■ **Goal of the exercise**
Transcribe the closing lines of the listing exactly, starting at the one that contains "独行侠输球后战术安排遭外界广泛质疑 球迷与专家纷纷提出改进建议" and including the last.

■ **Study material**
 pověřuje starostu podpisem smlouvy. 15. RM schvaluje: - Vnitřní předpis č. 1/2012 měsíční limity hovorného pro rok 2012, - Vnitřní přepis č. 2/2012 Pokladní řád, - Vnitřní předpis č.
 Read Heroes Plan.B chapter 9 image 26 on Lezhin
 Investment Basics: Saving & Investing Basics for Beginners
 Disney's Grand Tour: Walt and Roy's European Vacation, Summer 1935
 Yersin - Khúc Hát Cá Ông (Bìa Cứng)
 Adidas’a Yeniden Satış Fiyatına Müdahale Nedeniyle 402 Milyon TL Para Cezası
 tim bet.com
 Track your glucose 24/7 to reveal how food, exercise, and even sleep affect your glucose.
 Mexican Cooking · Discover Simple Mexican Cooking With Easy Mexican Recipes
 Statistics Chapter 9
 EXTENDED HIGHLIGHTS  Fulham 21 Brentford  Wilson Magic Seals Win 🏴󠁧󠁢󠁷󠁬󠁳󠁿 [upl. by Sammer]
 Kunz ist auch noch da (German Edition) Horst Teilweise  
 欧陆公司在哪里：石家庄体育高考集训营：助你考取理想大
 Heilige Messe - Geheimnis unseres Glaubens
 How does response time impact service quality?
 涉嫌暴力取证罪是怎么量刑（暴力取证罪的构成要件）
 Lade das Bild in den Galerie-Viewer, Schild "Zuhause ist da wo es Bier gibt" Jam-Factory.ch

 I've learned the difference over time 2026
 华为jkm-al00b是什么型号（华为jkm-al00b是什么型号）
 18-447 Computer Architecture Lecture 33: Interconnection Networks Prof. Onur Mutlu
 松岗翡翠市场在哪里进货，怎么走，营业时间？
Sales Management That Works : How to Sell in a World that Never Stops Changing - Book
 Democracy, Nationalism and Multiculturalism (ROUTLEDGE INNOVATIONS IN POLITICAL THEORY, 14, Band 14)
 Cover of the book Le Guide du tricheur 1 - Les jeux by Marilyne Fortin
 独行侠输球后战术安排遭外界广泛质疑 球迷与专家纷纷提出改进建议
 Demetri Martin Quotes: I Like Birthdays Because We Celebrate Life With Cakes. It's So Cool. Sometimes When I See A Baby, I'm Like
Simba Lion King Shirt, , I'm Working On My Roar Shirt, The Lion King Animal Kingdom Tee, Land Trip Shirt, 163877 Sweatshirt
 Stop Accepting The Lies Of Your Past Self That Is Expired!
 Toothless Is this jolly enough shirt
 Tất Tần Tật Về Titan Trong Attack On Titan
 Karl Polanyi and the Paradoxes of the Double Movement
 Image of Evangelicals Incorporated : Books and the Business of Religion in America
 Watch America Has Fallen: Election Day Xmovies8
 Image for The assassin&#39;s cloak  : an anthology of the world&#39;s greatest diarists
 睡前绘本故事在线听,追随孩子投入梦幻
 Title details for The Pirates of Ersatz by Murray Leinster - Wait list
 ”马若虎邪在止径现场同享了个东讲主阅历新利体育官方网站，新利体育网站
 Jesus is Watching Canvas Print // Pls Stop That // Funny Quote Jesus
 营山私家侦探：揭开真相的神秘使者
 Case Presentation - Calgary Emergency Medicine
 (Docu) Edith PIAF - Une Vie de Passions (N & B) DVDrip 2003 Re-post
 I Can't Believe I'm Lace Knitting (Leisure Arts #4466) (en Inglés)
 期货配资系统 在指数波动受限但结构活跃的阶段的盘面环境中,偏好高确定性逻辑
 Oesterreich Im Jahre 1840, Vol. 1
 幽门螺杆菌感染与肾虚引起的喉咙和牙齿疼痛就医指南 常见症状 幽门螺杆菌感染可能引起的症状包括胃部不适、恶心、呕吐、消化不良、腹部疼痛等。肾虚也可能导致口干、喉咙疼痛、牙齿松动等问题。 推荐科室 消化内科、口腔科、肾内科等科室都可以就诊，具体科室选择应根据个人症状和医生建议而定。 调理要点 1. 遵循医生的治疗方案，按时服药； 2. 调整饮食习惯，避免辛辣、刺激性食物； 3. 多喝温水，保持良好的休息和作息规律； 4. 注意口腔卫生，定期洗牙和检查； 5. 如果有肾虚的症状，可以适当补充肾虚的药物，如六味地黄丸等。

■ **Task result**
 独行侠输球后战术安排遭外界广泛质疑 球迷与专家纷纷提出改进建议
 Demetri Martin Quotes: I Like Birthdays Because We Celebrate Life With Cakes. It's So Cool. Sometimes When I See A Baby, I'm Like
Simba Lion King Shirt, , I'm Working On My Roar Shirt, The Lion King Animal Kingdom Tee, Land Trip Shirt, 163877 Sweatshirt
 Stop Accepting The Lies Of Your Past Self That Is Expired!
 Toothless Is this jolly enough shirt
 Tất Tần Tật Về Titan Trong Attack On Titan
 Karl Polanyi and the Paradoxes of the Double Movement
 Image of Evangelicals Incorporated : Books and the Business of Religion in America
 Watch America Has Fallen: Election Day Xmovies8
 Image for The assassin&#39;s cloak  : an anthology of the world&#39;s greatest diarists
 睡前绘本故事在线听,追随孩子投入梦幻
 Title details for The Pirates of Ersatz by Murray Leinster - Wait list
 ”马若虎邪在止径现场同享了个东讲主阅历新利体育官方网站，新利体育网站
 Jesus is Watching Canvas Print // Pls Stop That // Funny Quote Jesus
 营山私家侦探：揭开真相的神秘使者
 Case Presentation - Calgary Emergency Medicine
 (Docu) Edith PIAF - Une Vie de Passions (N & B) DVDrip 2003 Re-post
 I Can't Believe I'm Lace Knitting (Leisure Arts #4466) (en Inglés)
 期货配资系统 在指数波动受限但结构活跃的阶段的盘面环境中,偏好高确定性逻辑
 Oesterreich Im Jahre 1840, Vol. 1
 幽门螺杆菌感染与肾虚引起的喉咙和牙齿疼痛就医指南 常见症状 幽门螺杆菌感染可能引起的症状包括胃部不适、恶心、呕吐、消化不良、腹部疼痛等。肾虚也可能导致口干、喉咙疼痛、牙齿松动等问题。 推荐科室 消化内科、口腔科、肾内科等科室都可以就诊，具体科室选择应根据个人症状和医生建议而定。 调理要点 1. 遵循医生的治疗方案，按时服药； 2. 调整饮食习惯，避免辛辣、刺激性食物； 3. 多喝温水，保持良好的休息和作息规律； 4. 注意口腔卫生，定期洗牙和检查； 5. 如果有肾虚的症状，可以适当补充肾虚的药物，如六味地黄丸等。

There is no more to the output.